Romanians are attentive about food and eating behaviors, and it identifies them as Continental European. Europeans react socially when they see a person with a meal. Romanians participate in this custom.

I stayed for a month in a small Romanian town with an elderly gentleman in the summer of 2009 and ate at his table. I ate well. Anyhow, I made the "mistake" of taking a bit of the salad and putting it upon my own plate. Dle. Ardelean told his daughter about how I was "mixing the salad with the rice." That's because that's what he had "seen." I'd merely put it on my plate, alongside my other food. This was not right, to him, and it was wrong in a way that he thought was bizarre.

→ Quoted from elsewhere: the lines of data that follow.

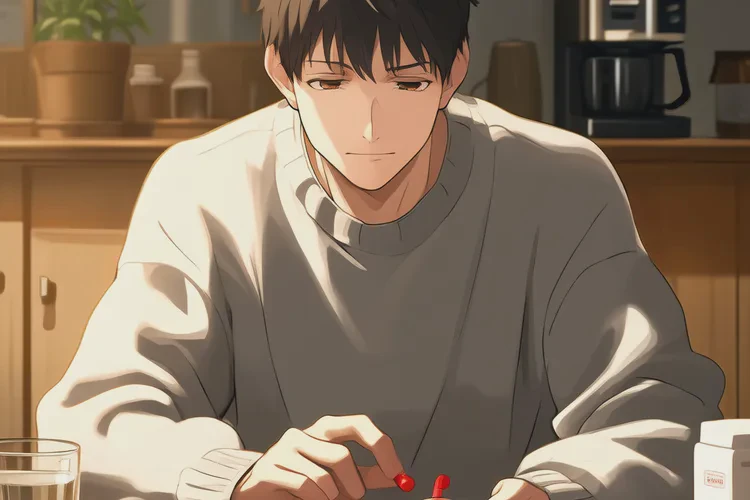 32岁早上血糖20点5是怎么回事(图1)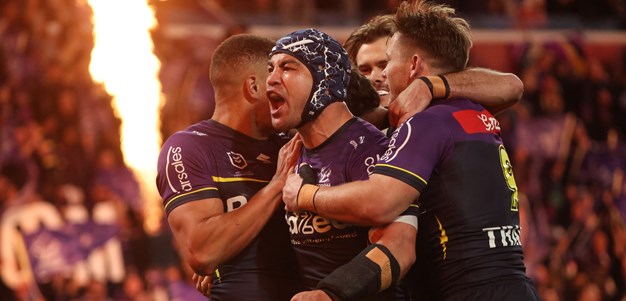 Jahrome truths: Why the Storm gun feared he was done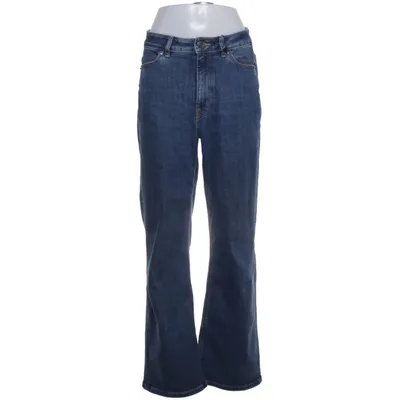 Jean (Bleu) de Ninepine Coton, Élasthane, Polyester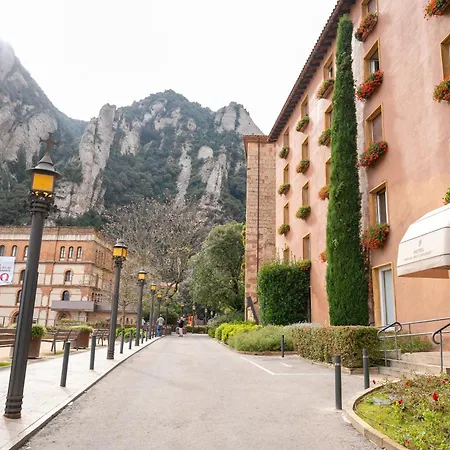 Hotel Abat Cisneros Montserrat-3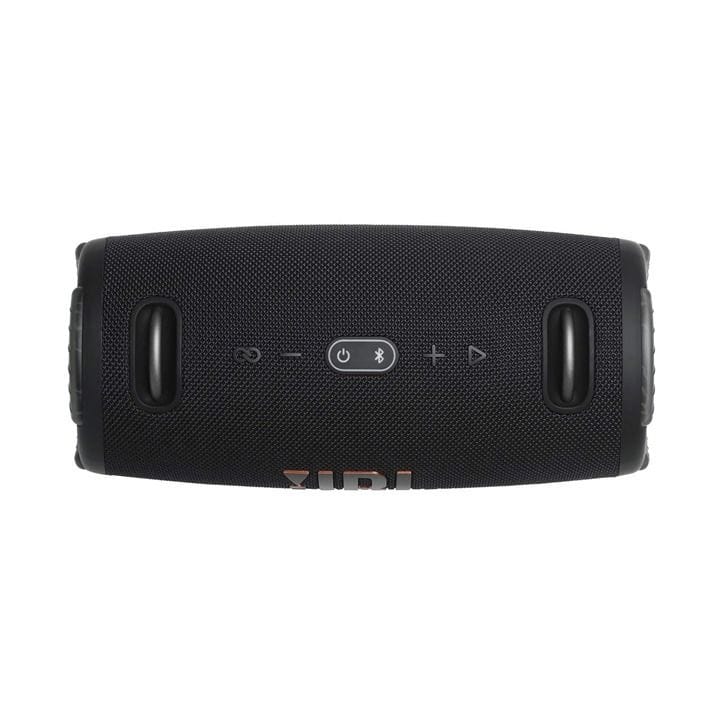 JBL Xtreme 3 Portable Waterproof Bluetooth Speaker - Black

With food, social policies become acute, and expectations of behavior more specific with still no universal clarity on what's expected. In Europe, this begins with a pofta buna, but inveigles itself deeper.

Pofta buna (enjoy well) or pofta mare (enjoy big) are the wider-European "enjoy your meal." Eet smakelijk, bon appetit, buen aproveche all express a behavior that is variably obligatory. There are occasions when you have to say them, or break custom.

And that's where it starts. People in these cultures seem to involve themselves in gustatory habits without considering it may seem rude to anybody.

Older people tend to be more conservative everywhere. But, later, on the terrace of a bar, Buna's grandson >showed me a similar traditionialism. I was having chicken wings with a plate of bread. I was enjoying it, when Daniel asked me why I was not alternating between one bite of each. This is socially proper in Romania, and apparently thought universal, there.